Türkçemizi, Türk kültürünü korumalıyız…
Arapça sanılan aslında İbranice olan adlara bir bakalım:
Gabriel: Cebrail, Michael: Mikail, David: Davud, İsaac: İshak, Mousa: Musa, Solomon: Süleyman, Eve: Havva, Adam: Adem, Usain: Hüseyin, Abraham: İbrahim, Elias: İlyas, Noah: Nuh, Jacop: Yakup, Jasmin: Yasemin, Josef: Yusuf, Aaron: Harun
Örnekleri çoğaltmak mümkündür. Çocuklarımıza Türkçe adlar verelim…
Arapça – İbranice ve yahut diğer başka kültürlerin isimlerini koymayalım…
Araplar, ev temizliği yapan kızlara ‘Ayşe’ derler…
Fatma, “sütten kesilmiş” demektir.
Hatice, “Vaktinden önce doğmuş” demektir.
Zeynep, “tombul” demektir…
Gonca, Yonca, Gül, Bilge, Irmak, Deniz, Doğa, Başak, Begüm, Burcu, Türkan, Türkü, Hatun, Işıl, Öykü, Sevim, Toprak, Ülkü, Aykız, Bengü vs. gibi öz Türkçe isimler dururken, neden Arapça – İbranice isimleri çocuklarımıza koymakta ısrar ediyoruz?
Mesela Osman, Arapça bir isimdir. “Yılan yavrusu” demektir…
Öz Türkçe “Yiğit” gibi bir isim dururken, el kadar çocuğa yılan yavrusu ismi konması akıl işi mi?
Araplardan ayrı bir kültür geleneği olan Türk milleti içinde, hâlâ İslam dini ile Araplığı ayıramayanlara, şalvarı ve hurmayı dinin gereklerinden sayanlara rastlayabiliyoruz.
Bunlar, (…) koyu Arap milliyetçiliğine hizmet ettiklerinin farkında değiller…
Asimile olmak çocuklarınıza Türkçe adlar vermemekle başlar…
Dilini özünü unutursun… Özün dışında herkese her şeye benzersin…

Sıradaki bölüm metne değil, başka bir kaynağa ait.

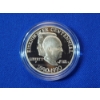 Image 2 : 1990 U.S. Eisenhower Centennial Silver Proof Dollar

Ulusal benliğini, dilini ve kültürünü koruyamayan vatanını da toprağını da koruyamaz…
Bu günden sonra çarşıda, pazarda, sokakta, devlet görevleri işlerinde yalnız ve yalnız Türkçe konuşulacaktır…
Türkçe konuş!, Türkçe selamlaş!, Türkçe düşün!, Türkçe oku!, Türkçe yaz!, Türkçe dua et!, Türkçe giyin!, Türkçe gez!, Türkçe sev!